**WHAT THE EXERCISE ASKS:** Omitting the pictures, print every line below exactly as it stands.
━━ STORED DATA
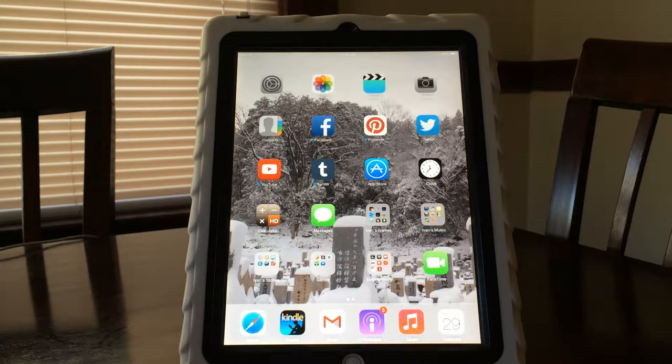Hi, I'm Amber with WonderBaby.org and what I wanted to do today was show you how you can take a really good app and make it even better using some of the accessibility features built into the iPad.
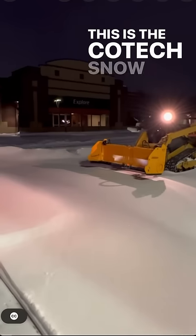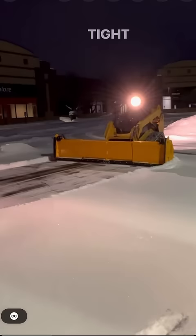This is the Kotex snow pusher and it does two cool things. The wings will flip backward allowing you to scrape right up tight to a curb, and then flip forward so that you can contain that snow.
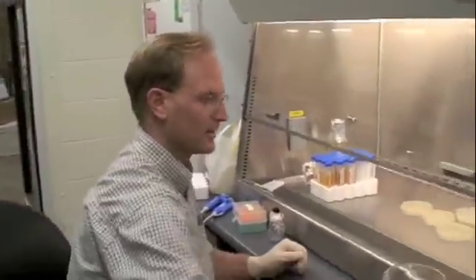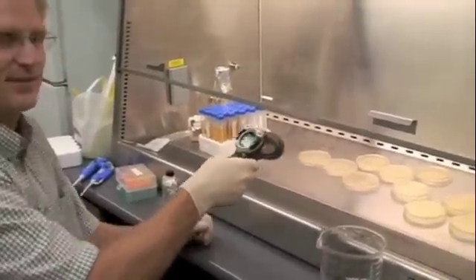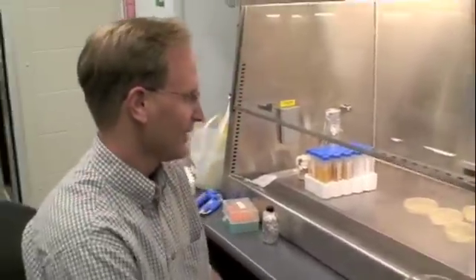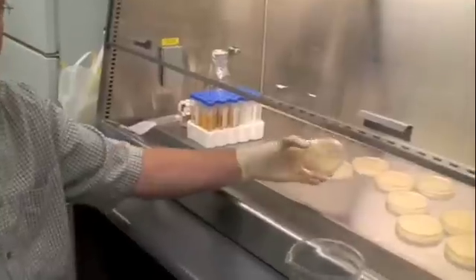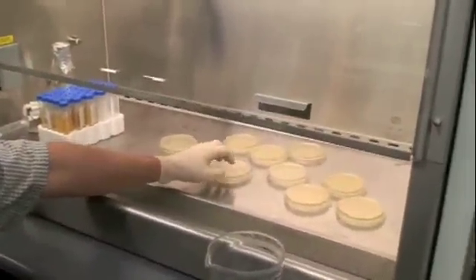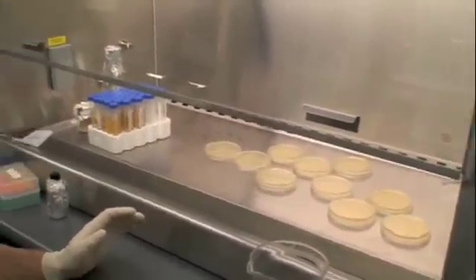So now we need to get our plates ready for transformation. We can check the temperature of our plates — I knew they would be at room temperature, it's just fun to use the gun. But they should be at room temperature by now and cooled. You can tell that they've completely hardened from when we poured them. Again, they're upside down, and I haven't labeled them yet — I'll generally do that after I've got them prepared.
━━━━
**TASK ANSWER:**
Hi, I'm Amber with WonderBaby.org and what I wanted to do today was show you how you can take a really good app and make it even better using some of the accessibility features built into the iPad.
This is the Kotex snow pusher and it does two cool things. The wings will flip backward allowing you to scrape right up tight to a curb, and then flip forward so that you can contain that snow.
So now we need to get our plates ready for transformation. We can check the temperature of our plates — I knew they would be at room temperature, it's just fun to use the gun. But they should be at room temperature by now and cooled. You can tell that they've completely hardened from when we poured them. Again, they're upside down, and I haven't labeled them yet — I'll generally do that after I've got them prepared.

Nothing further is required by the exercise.